Sobre el linaje y nacimiento de Miguel de Cervantes hay una ancha controversia, así que limitémonos a consignar lo más probable. Nuestro hombre habría nacido en el día del arcángel San Miguel (29 de septiembre) de 1547 y fue bautizado en Alcalá de Henares diez días después. Sus padres eran Rodrigo de Cervantes, cirujano, y Leonor de Cortinas. Se ha especulado mucho sobre su ascendencia judeoconversa. Eisenberg la da por segura. Canavaggio la niega. Miguel tenía tres hermanos mayores: Andrés, Andrea y Luisa, y otros tres menores: Rodrigo, Magdalena y Juan.



La familia se trasladó a Valladolid en 1551. El panorama no era fácil: el padre cayó en deudas y estuvo preso varios meses… Una herencia familiar les salvó de mayores males, pero los Cervantes vivían sin holguras. Se supone que Miguel cursó sus primeros estudios con los jesuitas. A los diecinueve años está en Madrid, en el Estudio de la Villa. Su profesor es el gramático y sacerdote Juan López de Hoyos, que debía de quererle muy bien, porque incluyó dos poemas de su joven alumno en uno de sus libros. Miguel, por su parte, descubre el teatro, que le fascina. Pero esa vida durará poco, porque enseguida nuestro hombre cambia de piel: se hará soldado.

El héroe de Lepanto
¿Por qué Cervantes se hizo soldado? En aquella época eran muchos los que entraban en filas buscando gloria, pero otros lo hacían por necesidad o por escapar de la Justicia. Hay quien dice que Cervantes, con veintidós años, hirió en duelo a un maestro de obras, como atestigua cierta providencia firmada por Felipe II contra un tal “Miguel de Cervantes”. Si ese es nuestro Cervantes, ésta habría sido la razón por la que pasó a Italia justo en esas fechas, aunque sobre ese duelo no hay ningún dato más. Lo que sí sabemos es que hacia 1570, en efecto, Cervantes aparece en Italia como parte del séquito del cardenal Julio Acquaviva. Se da por hecho que en Roma devoró los poemas de Ariosto y los diálogos amorosos de León Hebreo, un sefardita cuya idea neoplatónica del amor iba a influirle poderosamente. Pero ese periodo en el séquito del cardenal iba a durar muy poco, porque en 1571 don Miguel sienta plaza de soldado. Lo hace en el Tercio de Mar, la primera infantería de Marina de todos los tiempos. Cervantes sirve en la compañía del capitán Diego de Urbina, del tercio de Miguel de Moncada. Y la ocasión no puede ser más trascendental: una gran coalición cristiana, liderada por España y comandada por Juan de Austria, se dispone a frustrar los intentos turcos de invadir Italia. Será la batalla de Lepanto.
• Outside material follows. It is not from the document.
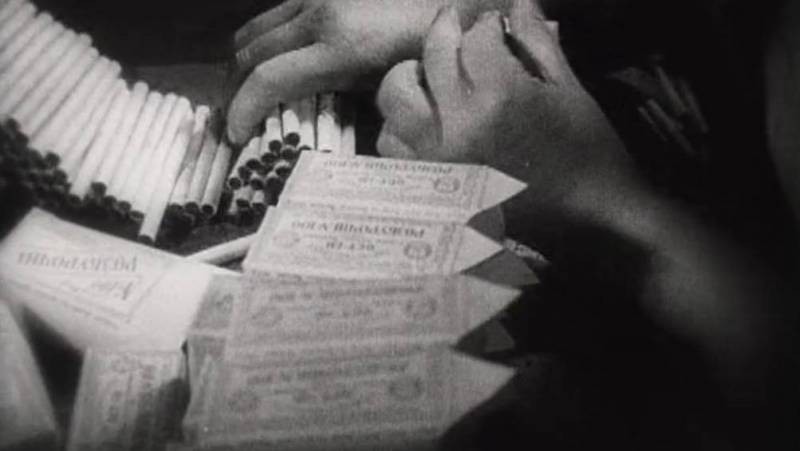 Сигареты и алкоголь в России подорожают, а контрафакт начнет процветать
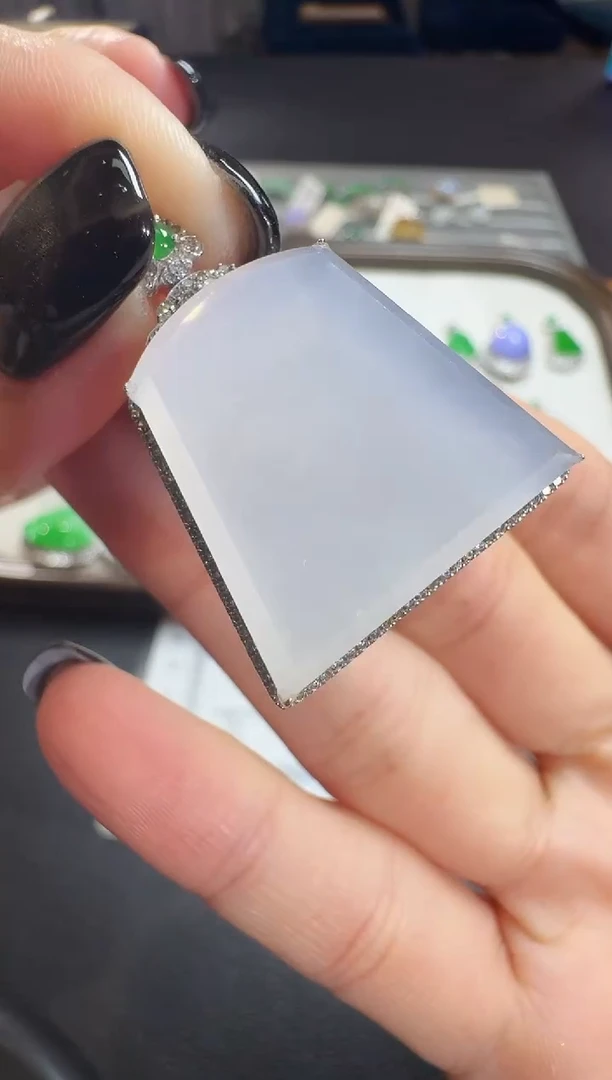 吊坠(不含链)18K金镶嵌翡翠【源头工厂】钻石镶嵌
Era el 7 de octubre de 1571. La flota aliada desarboló a los musulmanes. Los barcos españoles e italianos habían salvado a la cristiandad. Y en una de las galeras españolas, la Marquesa, había combatido con mérito un hombre que resultó herido: nuestro protagonista. Así lo dirá pocos años más tarde un documento oficial: “Cuando se avistó la armada del Turco en esta batalla naval, el tal Miguel de Cervantes estaba malo y con calentura. Su capitán y otros amigos suyos le aconsejaron que quedara abajo, en la cámara de la galera. Y el dicho Miguel de Cervantes respondió que qué dirían de él, y que no hacía lo que debía, y que más quería morir peleando por Dios y por su rey, que no meterse so cubierta con su salud. Y peleó como valiente soldado con los dichos turcos en la dicha batalla (…). Y acabada la batalla, cuando el señor don Juan de Austria supo y entendió cuán bien lo había hecho y peleado Miguel de Cervantes, le aumentó cuatro ducados más de su paga. De dicha batalla naval salió herido de dos arcabuzazos en el pecho y en una mano, de lo cual quedó estropeado de la dicha mano…”.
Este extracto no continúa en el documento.